→ **Input data**
BEGIN
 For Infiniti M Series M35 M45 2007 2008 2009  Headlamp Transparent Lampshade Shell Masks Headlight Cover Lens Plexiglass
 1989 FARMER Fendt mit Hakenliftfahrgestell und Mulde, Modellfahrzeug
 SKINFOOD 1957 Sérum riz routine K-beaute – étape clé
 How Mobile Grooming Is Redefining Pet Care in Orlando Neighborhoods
END
BEGIN
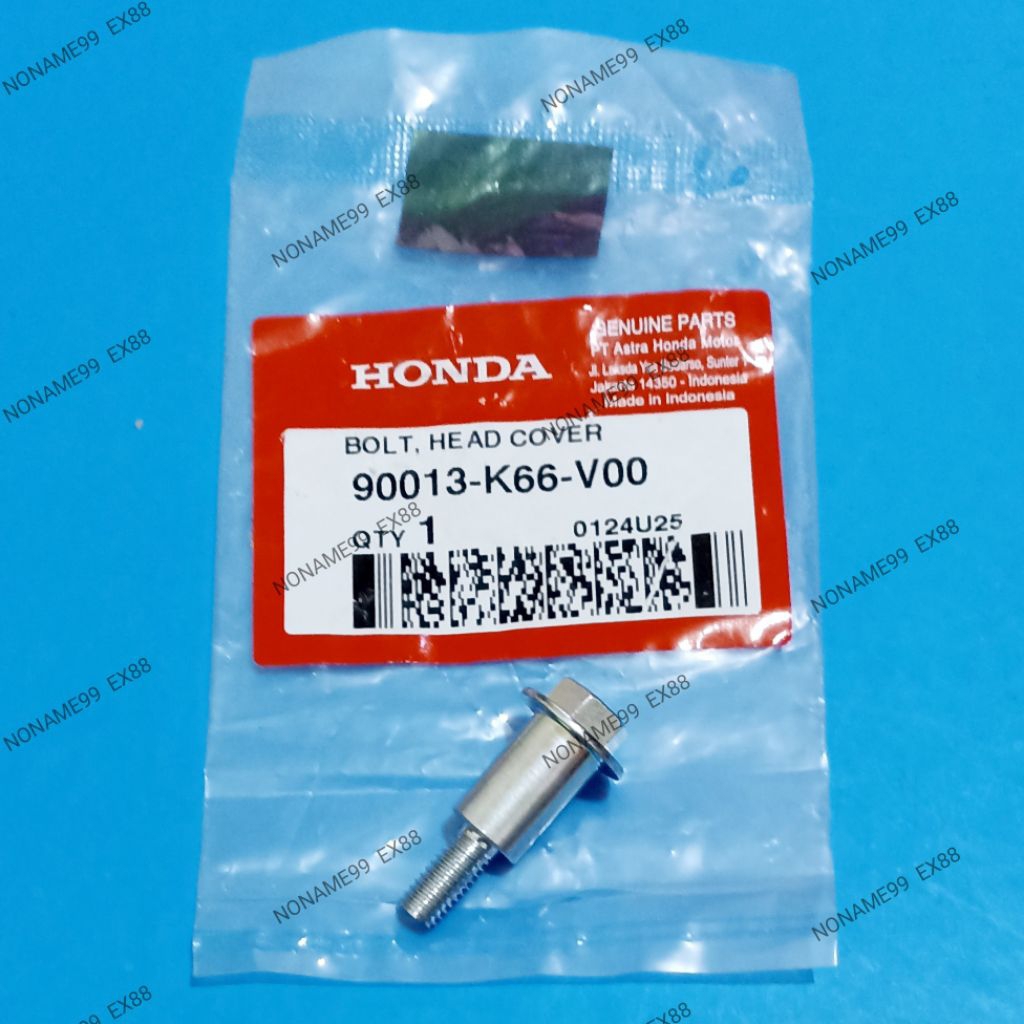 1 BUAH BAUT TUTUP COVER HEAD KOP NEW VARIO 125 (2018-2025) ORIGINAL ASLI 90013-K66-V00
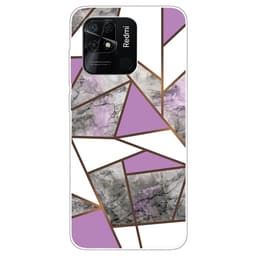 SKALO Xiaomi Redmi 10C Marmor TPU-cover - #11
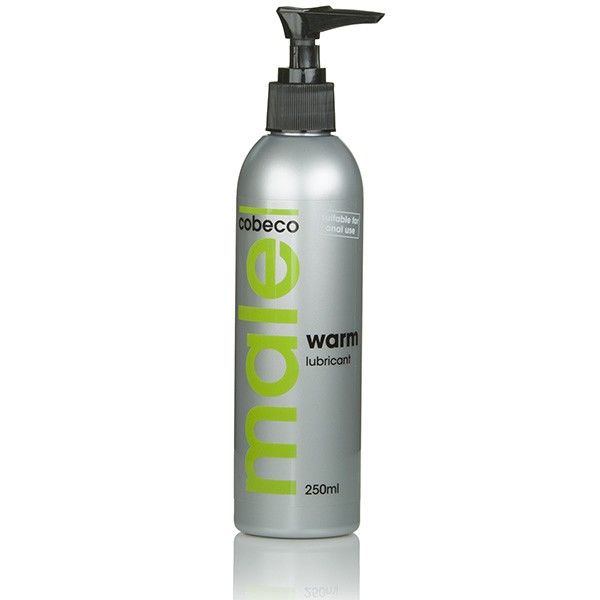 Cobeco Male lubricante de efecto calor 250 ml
END
Give back, unchanged, the run of lines in the listing above that begins at the line containing "For Infiniti M" and ends at the line containing "How Mobile Grooming", both included.

→ **Task solution**
 For Infiniti M Series M35 M45 2007 2008 2009  Headlamp Transparent Lampshade Shell Masks Headlight Cover Lens Plexiglass
 1989 FARMER Fendt mit Hakenliftfahrgestell und Mulde, Modellfahrzeug
 SKINFOOD 1957 Sérum riz routine K-beaute – étape clé
 How Mobile Grooming Is Redefining Pet Care in Orlando Neighborhoods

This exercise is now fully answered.